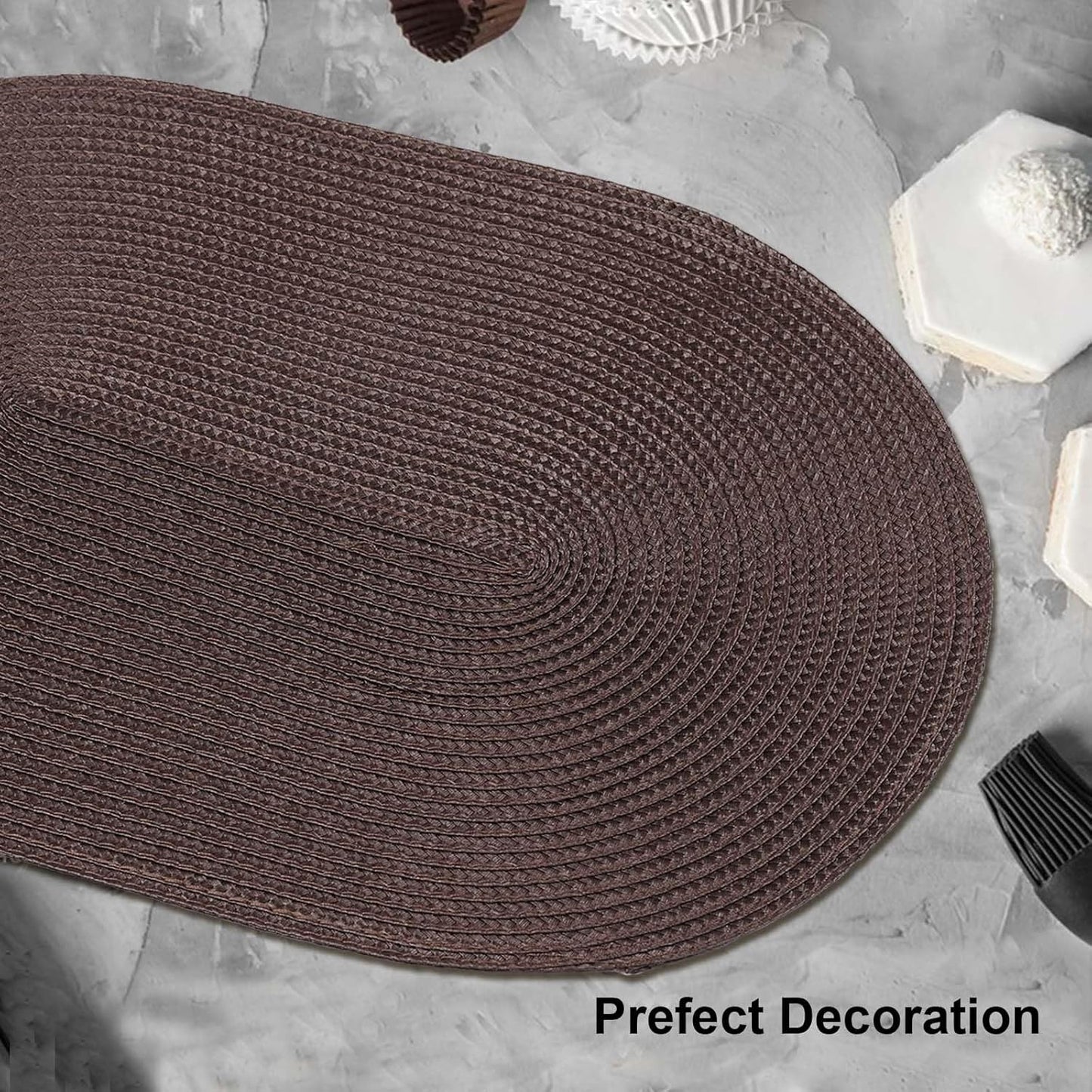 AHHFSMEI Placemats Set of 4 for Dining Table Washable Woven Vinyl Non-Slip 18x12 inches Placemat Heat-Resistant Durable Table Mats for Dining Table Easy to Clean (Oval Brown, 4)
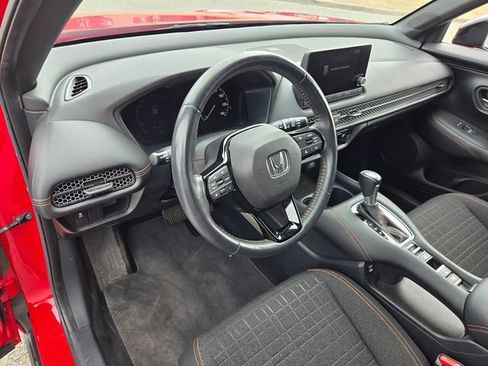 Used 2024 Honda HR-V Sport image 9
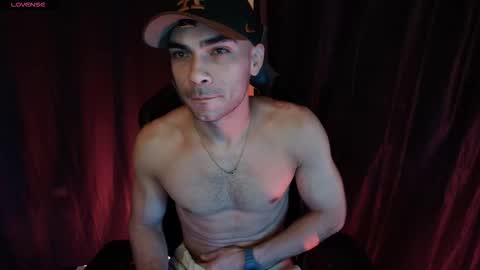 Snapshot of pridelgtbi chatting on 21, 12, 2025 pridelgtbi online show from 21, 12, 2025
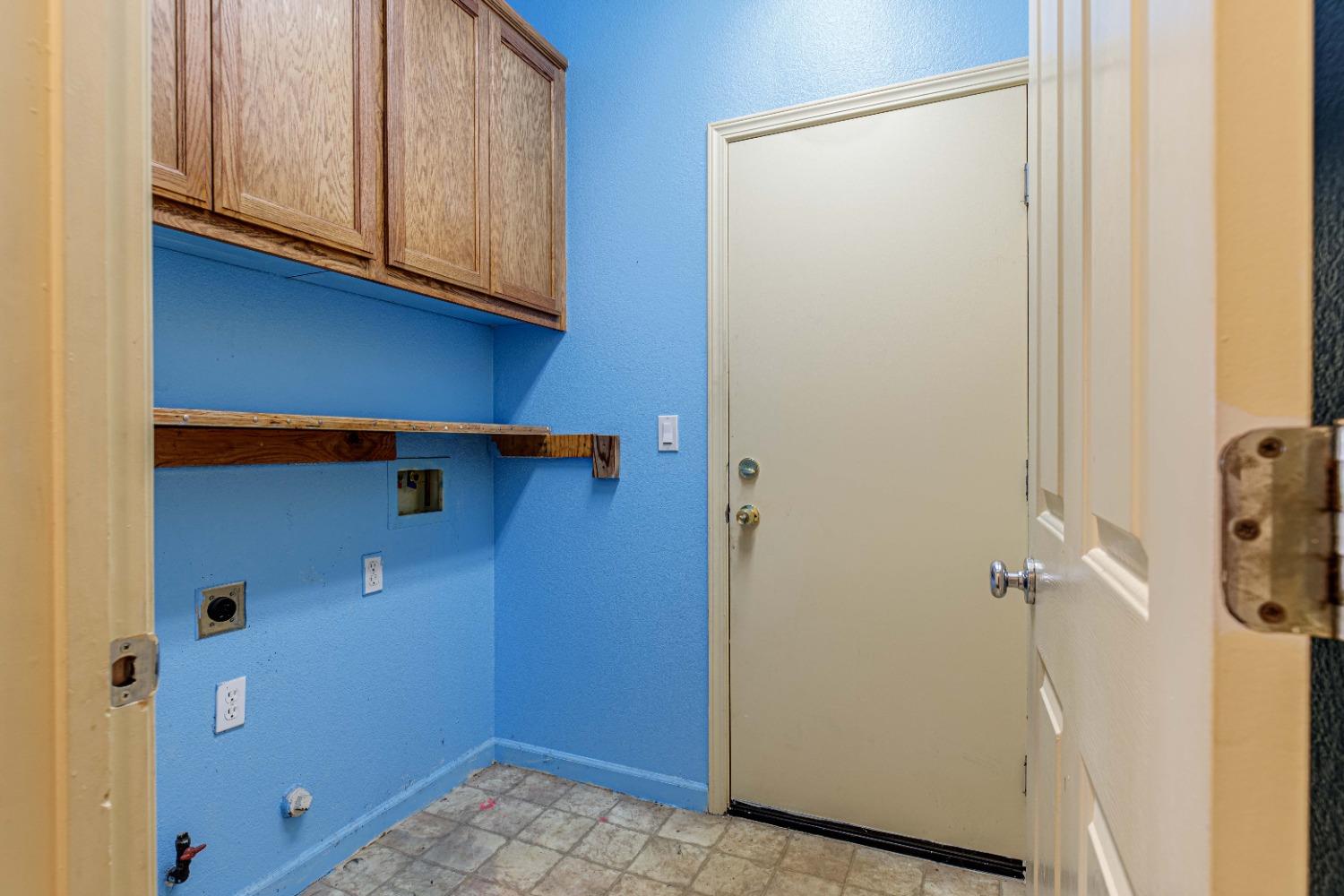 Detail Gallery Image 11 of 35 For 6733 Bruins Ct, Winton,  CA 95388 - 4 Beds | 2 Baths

# # # # #

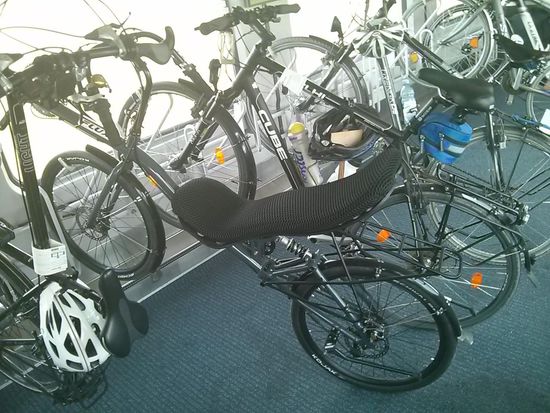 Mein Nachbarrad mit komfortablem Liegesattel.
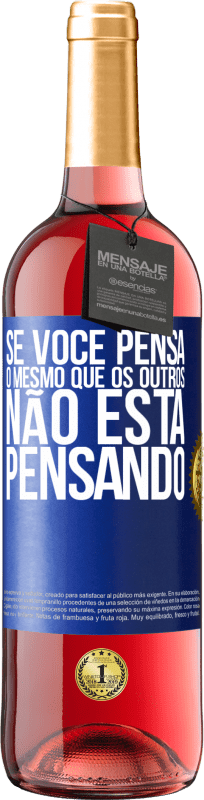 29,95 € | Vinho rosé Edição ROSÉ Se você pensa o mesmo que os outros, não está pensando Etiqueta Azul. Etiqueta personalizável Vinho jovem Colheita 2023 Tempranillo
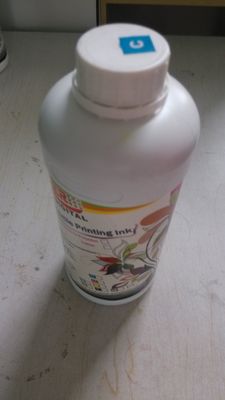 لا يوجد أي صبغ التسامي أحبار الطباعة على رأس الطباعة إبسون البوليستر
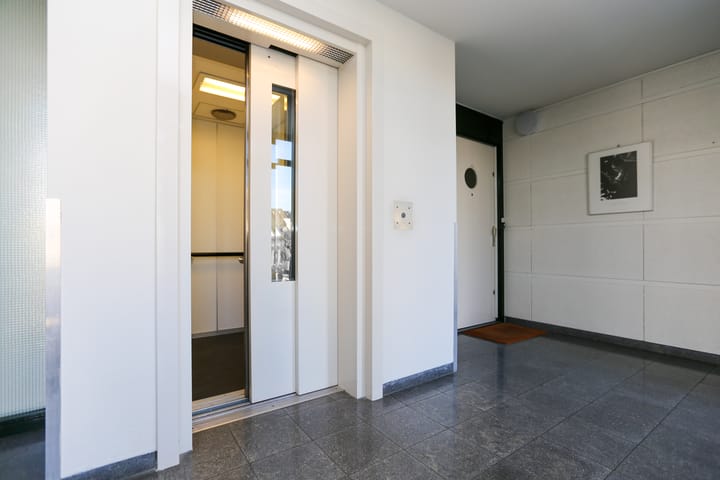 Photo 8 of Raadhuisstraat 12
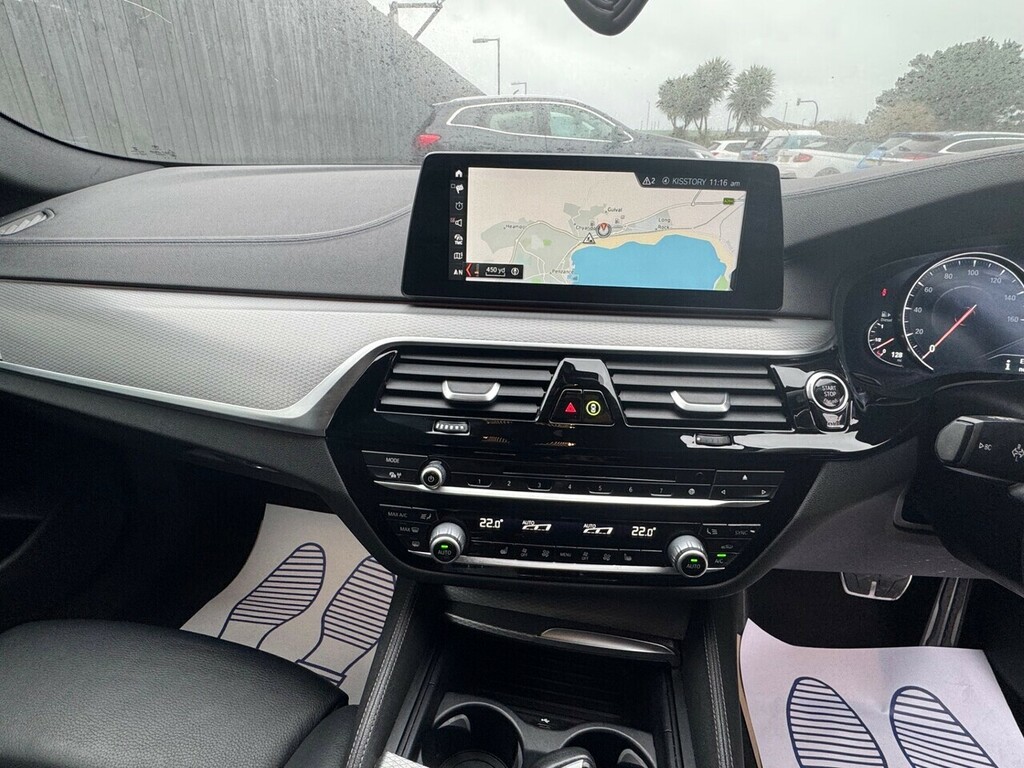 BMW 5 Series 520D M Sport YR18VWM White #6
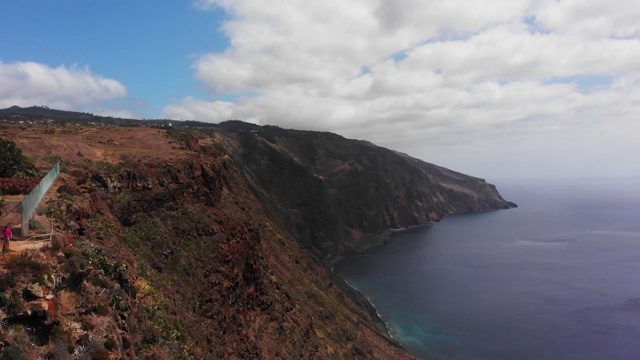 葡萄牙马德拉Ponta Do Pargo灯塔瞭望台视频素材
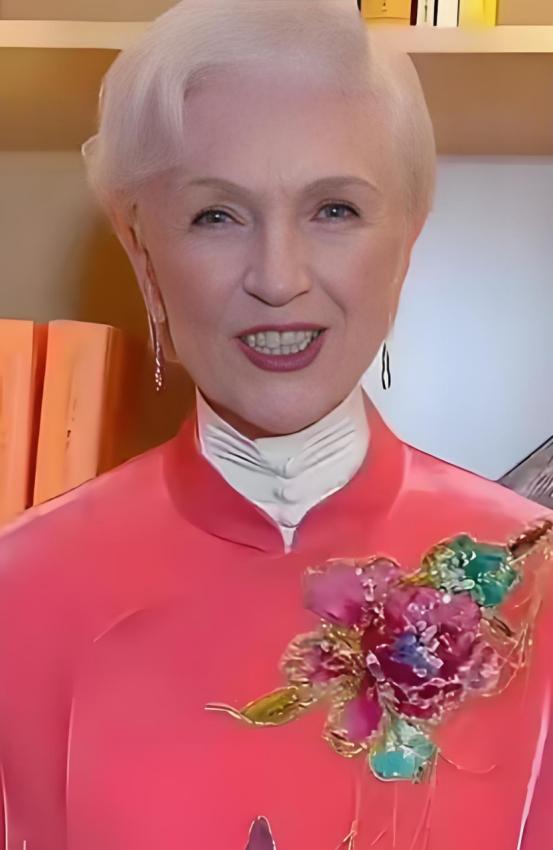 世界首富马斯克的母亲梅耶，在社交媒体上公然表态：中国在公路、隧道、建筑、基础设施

# # # # #

Exercise details → Beginning at the line above that contains "葡萄牙马德拉Ponta Do Pargo灯塔瞭望台视频素材" and going on through the line that contains "世界首富马斯克的母亲梅耶，在", please copy every line exactly, leaving the pictures out and adding nothing.

Output for this task →
 葡萄牙马德拉Ponta Do Pargo灯塔瞭望台视频素材
 世界首富马斯克的母亲梅耶，在社交媒体上公然表态：中国在公路、隧道、建筑、基础设施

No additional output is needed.